→ Task to carry out:
Leave out the pictures and set down exactly the lines from the start of the listing through the one with "I am going to put", both included.

→ Dataset content:
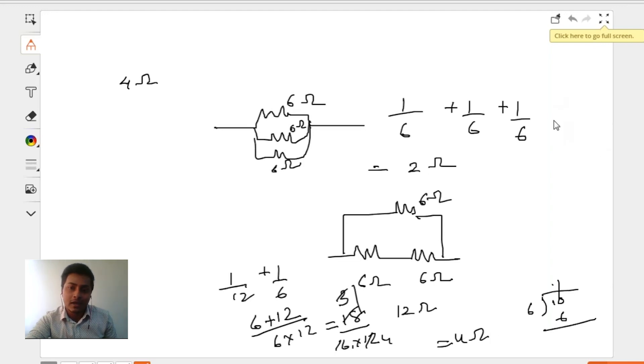As you saw, Mehak helped out very fantastically and gave a very important point: when you have a series connection, the equivalent resistance will always be greater than the individual resistances. And when you have a parallel connection, the equivalent resistance will be less than the individual resistances. Amazingly correct — that's a very precise answer.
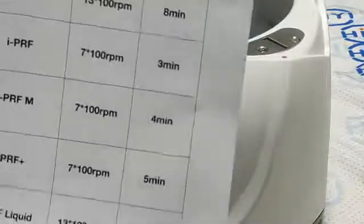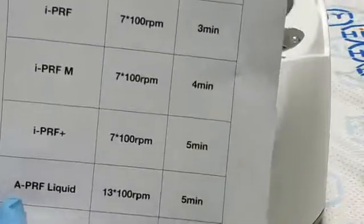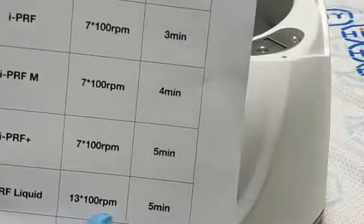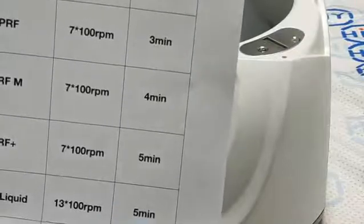The next one is program 5. It's APRF. The speed is 1300 rpm and time is 5 minutes.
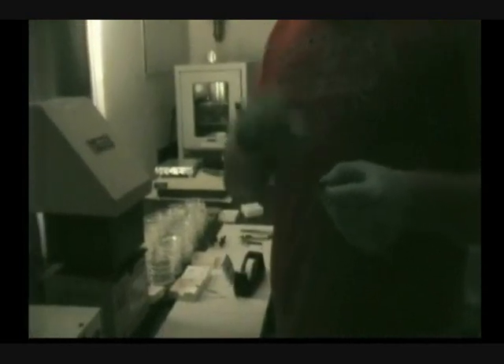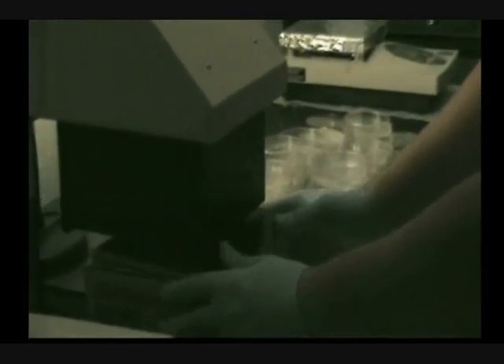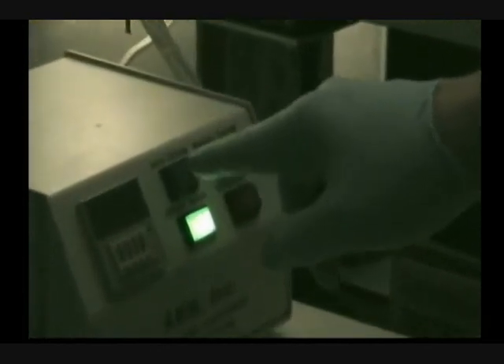I am going to put the mask on top like this and tape it down. This process is also called photolithography — lithography means printout, and photo means we are using light. So we are going to print a pattern on our glass slide using UV light. I am going to place my glass slide under the UV light unit and we are going to apply UV light for 5 to 6 seconds.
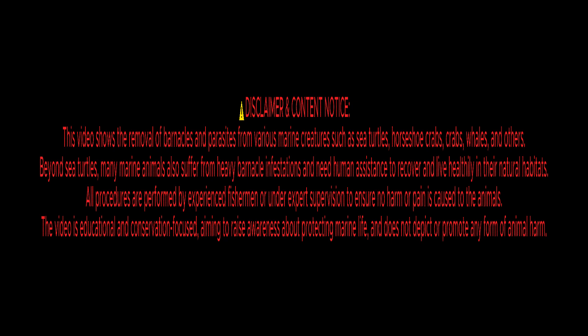Disclaimer and content notice. This video shows the removal of barnacles and parasites from various marine creatures, such as sea turtles, horseshoe crabs, crabs, whales, and others. Many marine animals suffer from heavy barnacle infestations and need human assistance to recover and live healthily in their natural habitats. All procedures are performed by experienced fishermen or under expert supervision to ensure no harm or pain is caused to the animals. The video is educational and conservation-focused, aiming to raise awareness about protecting marine life and does not depict or promote any form of animal harm.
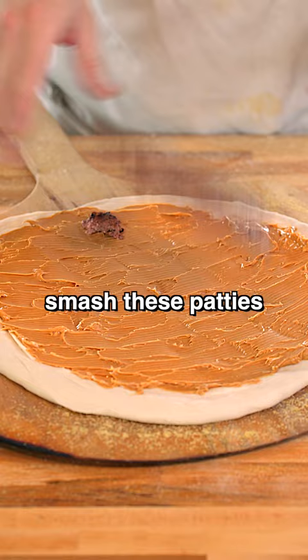We're gonna smash these patties, throw them on the pie, and top them with some more peanut butter. All right, let's cook this Goober.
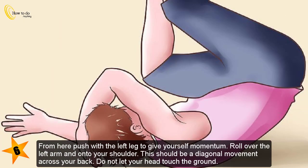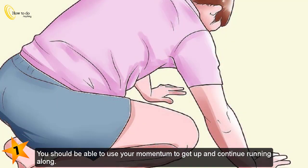Step 6: From here, push with the left leg to give yourself momentum. Roll over the left arm and onto your shoulder. This should be a diagonal movement to cross your back. Do not let your head touch the ground. Step 7: You should be able to use your momentum to get up and continue running along.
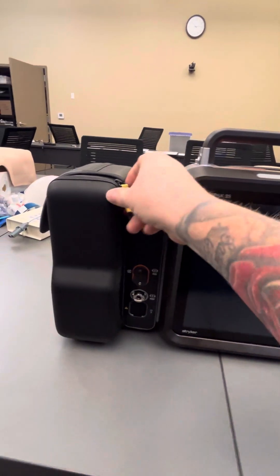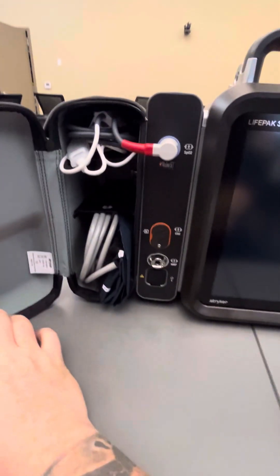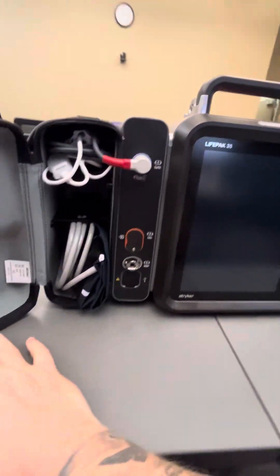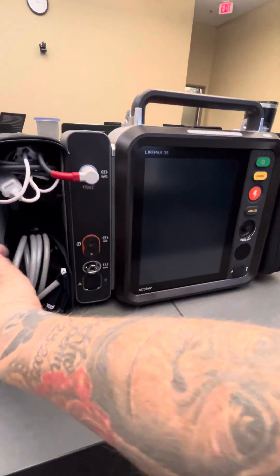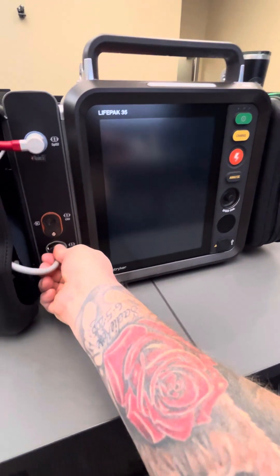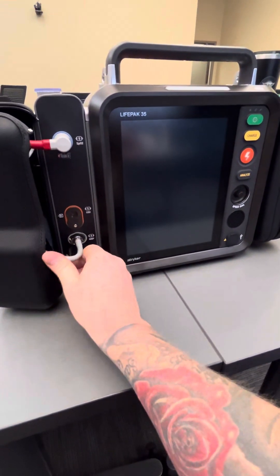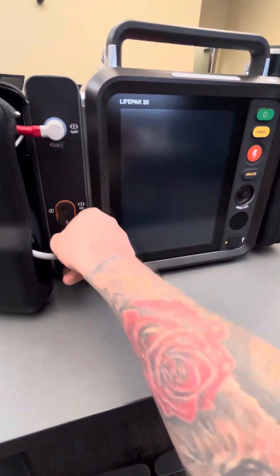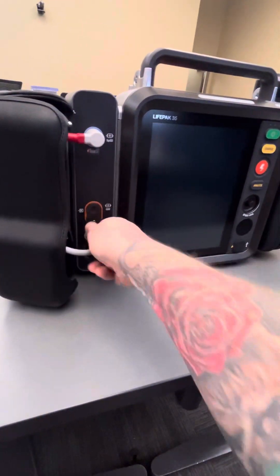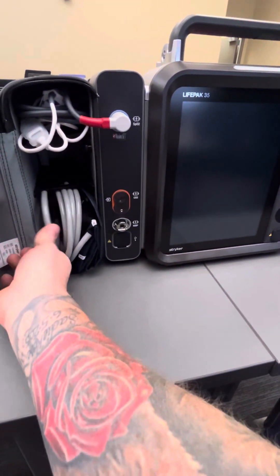Moving over to the left, this is where your pulse ox and blood pressure cuffs are kept. You'll notice the blood pressure cuff is not plugged in — as long as you do not have it connected to a patient, it should not be plugged in. Leaving it plugged in is not acceptable, as it will cause the rubber hose to bend and break down over time.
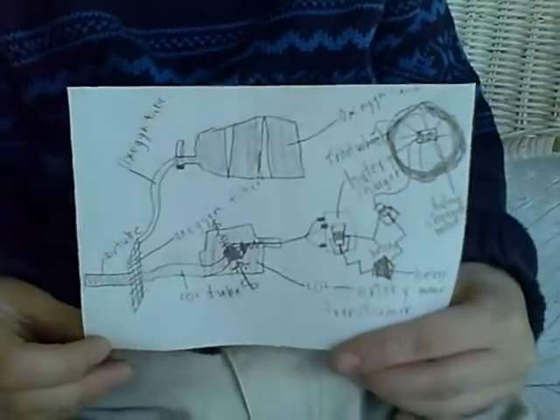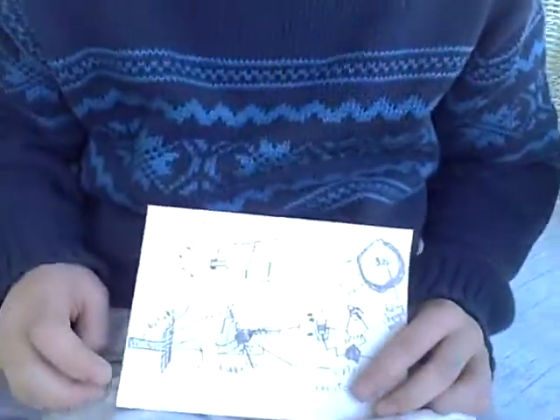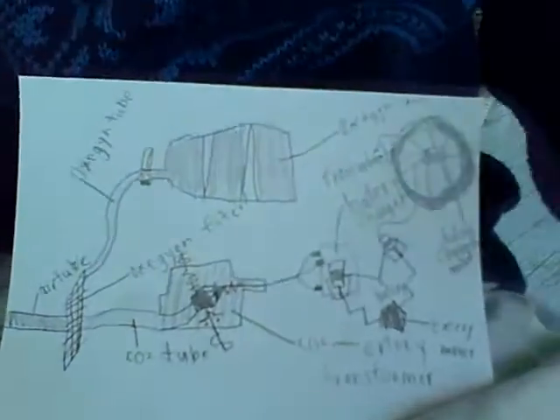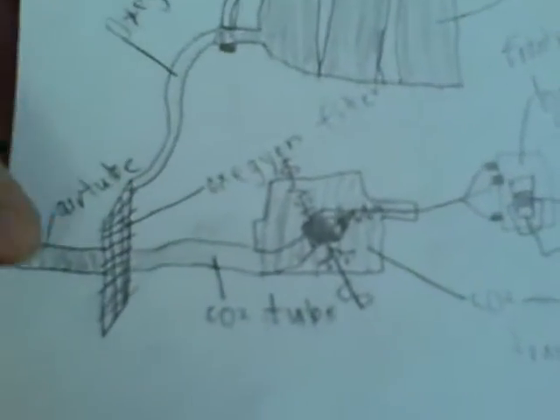This is a drawing of the inside of a motorcycle that I'm planning on making, or sending it to some company and having somebody else make it. This is the air tube, and air comes in there.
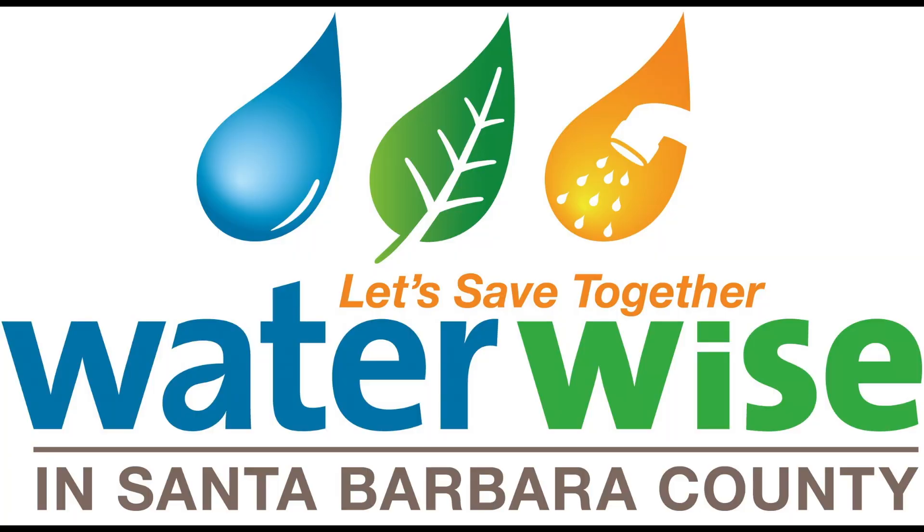Lawns used to be a yawn. But that's all gone. Visit WaterWiseSB.org to find out how you can lose your lawn.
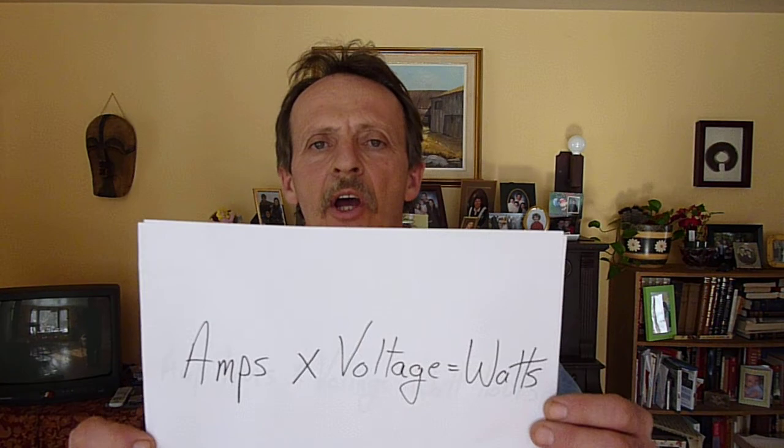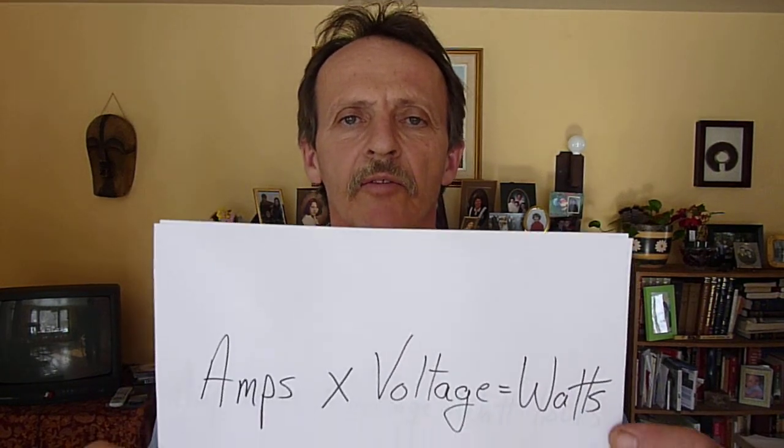And here it is: amps times voltage will give you watts. So if you have a battery that's rated at 10 amp hours times 12 volts, that will give you 120 watt hours. Essentially, what that means is you could use 120 watts for one hour, or one watt for 120 hours.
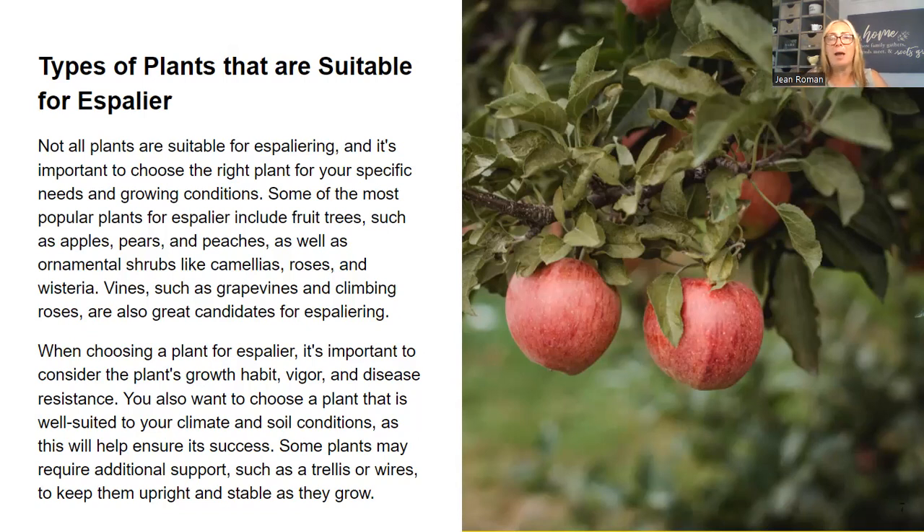When choosing a plant for espalier, it's important to consider the plant's growth habit, vigor, and disease resistance. You also want to choose a plant that is well-suited to your climate and soil conditions, as this will help ensure its success. You do not want to just haphazardly start this because they're not cheap — you can get an espalier tree anywhere between $60 to $150, depending on the size and whether it's grafted or just one fruit. So take all those things into consideration.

→ Solution to the problem:
As you saw, Mehak helped out very fantastically and gave a very important point: when you have a series connection, the equivalent resistance will always be greater than the individual resistances. And when you have a parallel connection, the equivalent resistance will be less than the individual resistances. Amazingly correct — that's a very precise answer.
The next one is program 5. It's APRF. The speed is 1300 rpm and time is 5 minutes.
I am going to put the mask on top like this and tape it down. This process is also called photolithography — lithography means printout, and photo means we are using light. So we are going to print a pattern on our glass slide using UV light. I am going to place my glass slide under the UV light unit and we are going to apply UV light for 5 to 6 seconds.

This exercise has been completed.